You’ve also got to consider the size of the outcome. Winning a lottery gives you, what, a few hundred thousand to a few million dollars? The expected value of buying a lottery ticket is then around 2 cents- less than the price of a lottery ticket, and so buying is a terrible decision.
Elections have much larger impacts. The 2000 election is a classic example: it’s been argued that Gore would not have invaded Iraq, and that the Iraq invasion has cost around a trillion dollars; in that case, your vote has an expected value to the US of around 16,000 USD. (More if you live in a swing state, more if you believe Gore would have been better in other ways. Less otherwise.)
Not that I’m saying that this is a closed question- in fact, my point is that it isn’t.
Note that you also have to consider how certain it is that your preferred candidate really is better. And since the division of opinion is usually 50⁄50 or so, unless you are extremely overconfident, it is quite uncertain that your candidate is better. So you need do multiply the benefit not only by the probability that you will cause your candidate to win, but also by the probability that your candidate is better, and then you have to subtract the disutility in the case that your candidate turns out to be worse.
In other words, don’t vote.
Note that the probability in general that an electoral system using something like the electoral college increases the chance for everyone that they will be the deciding vote assuming that no voting area is extremely in the direction of one candidate. To see this with a small example, consider the toy example of 9 people with three states each of three people with an election for two candidates.. If the election is by popular vote then the only way your vote matters is if exactly four of the people vote for one candidate and exactly four vote for the other. But, if you use the states then your vote breaks a tie whenever the other two states disagree and your state has a 1-1 for the other two voters. That’s a much larger set of circumstances. This applies in general although the math to show it becomes a bit uglier when one has many different states of different sizes.
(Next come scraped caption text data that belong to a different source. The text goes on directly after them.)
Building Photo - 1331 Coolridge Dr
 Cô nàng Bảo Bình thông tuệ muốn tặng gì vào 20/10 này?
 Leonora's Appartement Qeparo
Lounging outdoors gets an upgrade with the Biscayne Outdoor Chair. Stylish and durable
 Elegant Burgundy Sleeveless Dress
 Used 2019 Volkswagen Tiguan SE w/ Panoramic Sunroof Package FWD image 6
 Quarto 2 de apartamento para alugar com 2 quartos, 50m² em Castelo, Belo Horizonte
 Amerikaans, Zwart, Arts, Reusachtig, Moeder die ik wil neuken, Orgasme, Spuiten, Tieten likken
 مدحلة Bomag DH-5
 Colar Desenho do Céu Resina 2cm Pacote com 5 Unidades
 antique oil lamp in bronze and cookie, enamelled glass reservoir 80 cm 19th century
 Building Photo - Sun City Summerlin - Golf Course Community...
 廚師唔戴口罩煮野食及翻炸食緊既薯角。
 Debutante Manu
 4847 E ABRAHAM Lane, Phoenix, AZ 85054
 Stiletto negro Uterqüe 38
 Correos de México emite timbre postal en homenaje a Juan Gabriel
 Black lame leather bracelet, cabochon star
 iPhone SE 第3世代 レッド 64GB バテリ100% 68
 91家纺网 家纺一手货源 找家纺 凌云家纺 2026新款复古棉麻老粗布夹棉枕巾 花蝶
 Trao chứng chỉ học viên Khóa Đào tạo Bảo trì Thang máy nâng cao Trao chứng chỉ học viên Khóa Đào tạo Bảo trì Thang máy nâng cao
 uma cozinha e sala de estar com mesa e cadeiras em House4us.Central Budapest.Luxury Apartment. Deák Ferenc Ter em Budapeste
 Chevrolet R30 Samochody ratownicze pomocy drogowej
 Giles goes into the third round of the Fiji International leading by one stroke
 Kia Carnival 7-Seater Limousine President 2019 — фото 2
Agree with your point. But notice that if we consider the case in which you actually win, which would be GuySrinivasan’s proposal, then those 4 millions you win in the lottery could be invested in things that will have much greater proportional impact, for you’d be investing in the curve’s tail....
Just a reminder. The post is NOT about politics and voting. It is about overdetermination and decision theory.
A quote from the linked article:
(it was 1 in 10 million in New Mexico, Virginia, New Hampshire, and Colorado)
If you want to make a post about overdetermination, I’d say don’t use the voting example, since here’s one person at the very least who thinks the example’s far from clear-cut. The movies thing is fine—the probability enough people go to ruin everyone’s experience times the experience ruined is still tiny, not plausibly large.